Beitbridge’s paramount traditional leader, Chief Tshitaudze (David Mbedzi), said development agencies and local authorities should channel more resources towards the construction of more cultural centres.
He said well-developed cultural centres were a key component that could help grow community-based tourism initiatives.
Chief Tshitaudze said it was critical for Zimbabweans to celebrate cultural diversity and to recognise the need to promote social cohesion for greater nation-building.
Women’s clubs around the district, he said, should take up business opportunities that come with the creation of the cultural centres.
He said they could sell curios, traditional baskets, meals, and clothing items, among other things.
In separate interviews, youths from across Beitbridge district said they were proud of their culture and the identity that comes with wearing related regalia.

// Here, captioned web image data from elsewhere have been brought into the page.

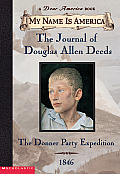 My Name Is America Journal Of Douglas Allen Deeds the Donner Party Expedition 1846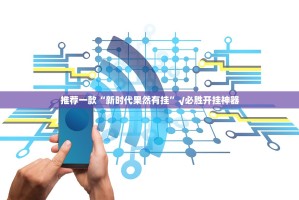 推荐一款“新时代果然有挂”√必胜开挂神器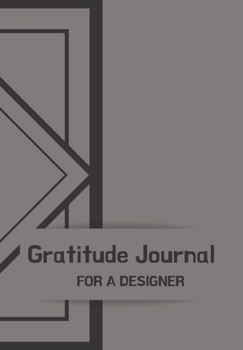 Gratitude Journal for a Designer: Journal for men.happiness, positivity journal.daily gratitude journal for men, writing prompts and dream journal Beautiful gift for your husband, boyfriend, partner, 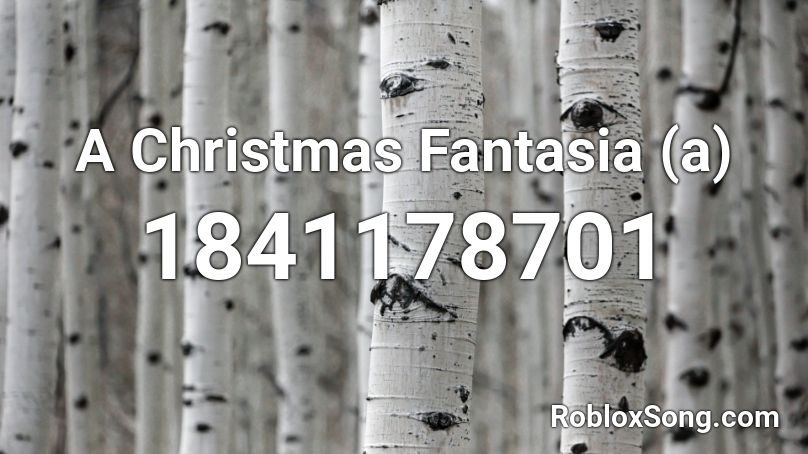A Christmas Fantasia (a) Roblox ID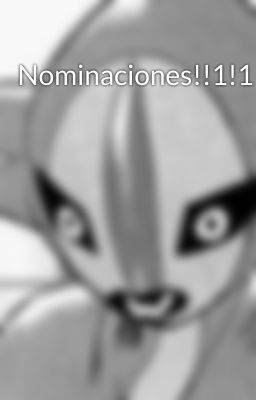 Nominaciones!!1!1!1!1!!!1!1!??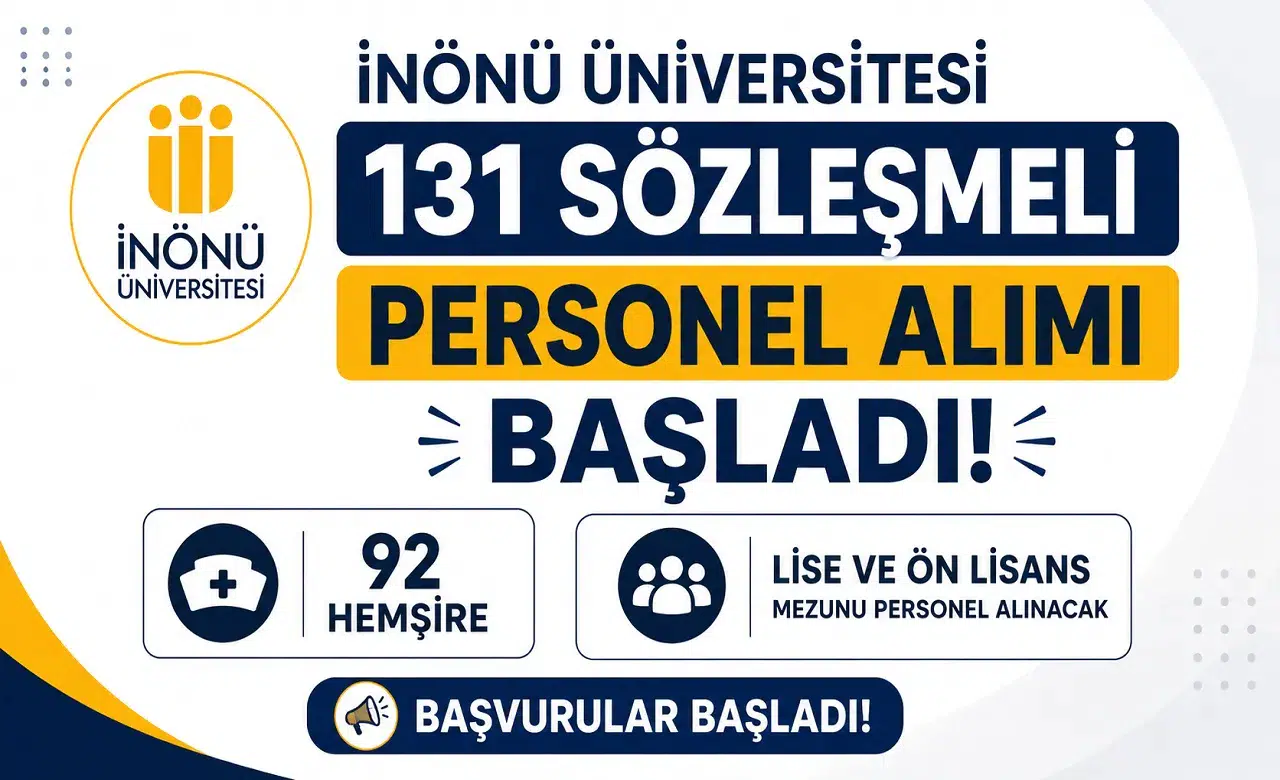 İnönü Üniversitesi 131 Sözleşmeli Personel Alımı Başladı! 92 Hemşire ile Lise ve Ön Lisans Mezunu Personel Alınacak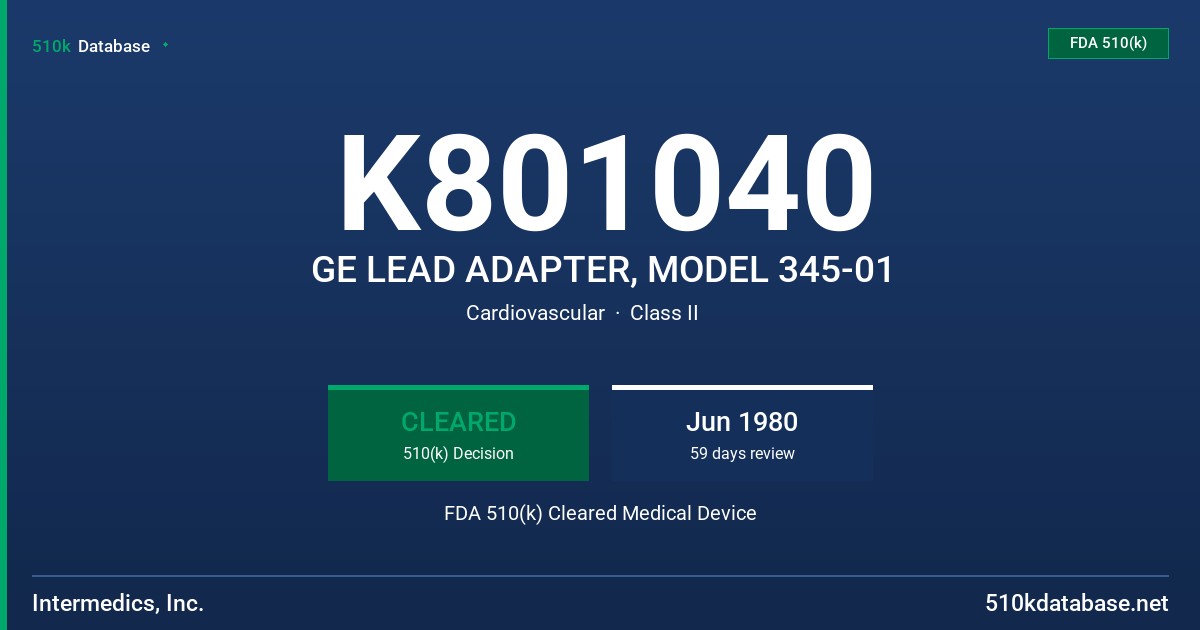 K801040 GE LEAD ADAPTER, MODEL 345-01 FDA 510(k) Cleared Medical Device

“We feel proud when we dress up in Tshivenda clothes, they give us a sense of self-pride as young people,” said Miss Adrian Muleya from the Tshiraralani area.
“We must be proud of who we are and at the same time we must keep learning about our culture from the community elders, so that we may pass it to the next generation.”
Mr Raniel Ndou of Tongwe said Venda attire was one of the best in Africa.
He said one could use the fabric to design modern fashion tastes without losing the cultural identity.
“I feel proud to wear various designs of Tshivenda clothes and will continue to do so and the love for such clothes is also growing among my family members,” said Mr Ndou.
Miss Elizabeth Moyo said the construction of more cultural centres around Beitbridge will help to nature talent for those willing to pursue arts as a career.
The availability and accessibility of cultural information closer to the people, she said, would help to build the confidence of most young people who would learn a lot from historians and the community leaders at these centres.
“The sale of Tshivenda fabric has become a lucrative business because everyone here wants to at least have something with Venda colours in their wardrobes,” said Miss Moyo.
Miss Talent Moyo of the Tshapfuche area said she was earning a living from selling Venda fabrics.
She said sales peak during the wedding season between April and December and when people prepare for lobola negotiations.
She said the bulky of the buyers of the clothes that sell for around R100 per metre were Venda speakers.
Few others from a cross-section of tribes also buy the clothes.